Other high-profile government initiatives such as city academies, where millionaire entrepreneurs pump cash into failing schools, also risk stealing the specialist thunder.
Beaumont, a 1,100-pupil high school, joined forces with two neighbouring schools to raise funds for specialist status. But the paltry sponsorship secured so far means the schools fear a huge amount of time and effort has been wasted.
Nicholas Daymond, deputy head at Beaumont, which wants language status, said: "We didn't want to end up cutting one another's throats so we joined together.
"We designed a brochure and approached local and national companies. But businesses have been deluged with requests for funds and they seem to have reached saturation point.

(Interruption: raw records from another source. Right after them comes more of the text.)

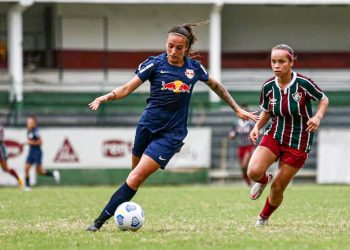 Meninas vencem o Flu e se isolam na liderança do Brasileiro Feminino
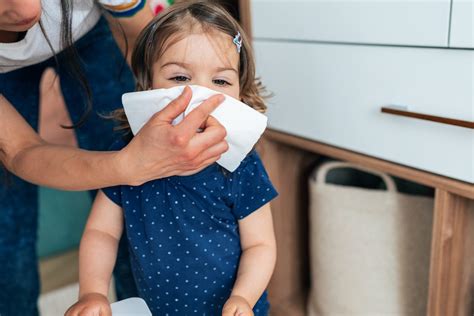 How should a toddler sleep with a runny nose?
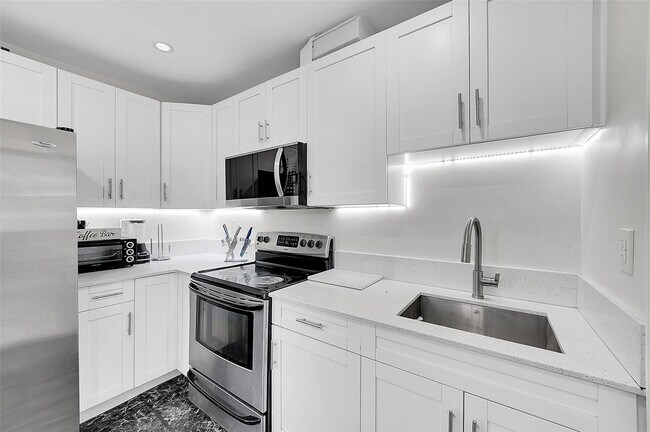 Building Photo - 2784 NW 9th St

"The fact that we are in Hertfordshire does not help because we are not perceived as a particularly needy area. It is very frustrating."
The schools may be forced into asking parents for money and organising fundraising events.
Mr Daymond said: "It does not really fit with the spirit of specialist schools, which was to establish close links with local business."
Earlier this year, The TES reported that the head of a Leeds secondary advertised in Private Eye magazine in a bid to generate cash.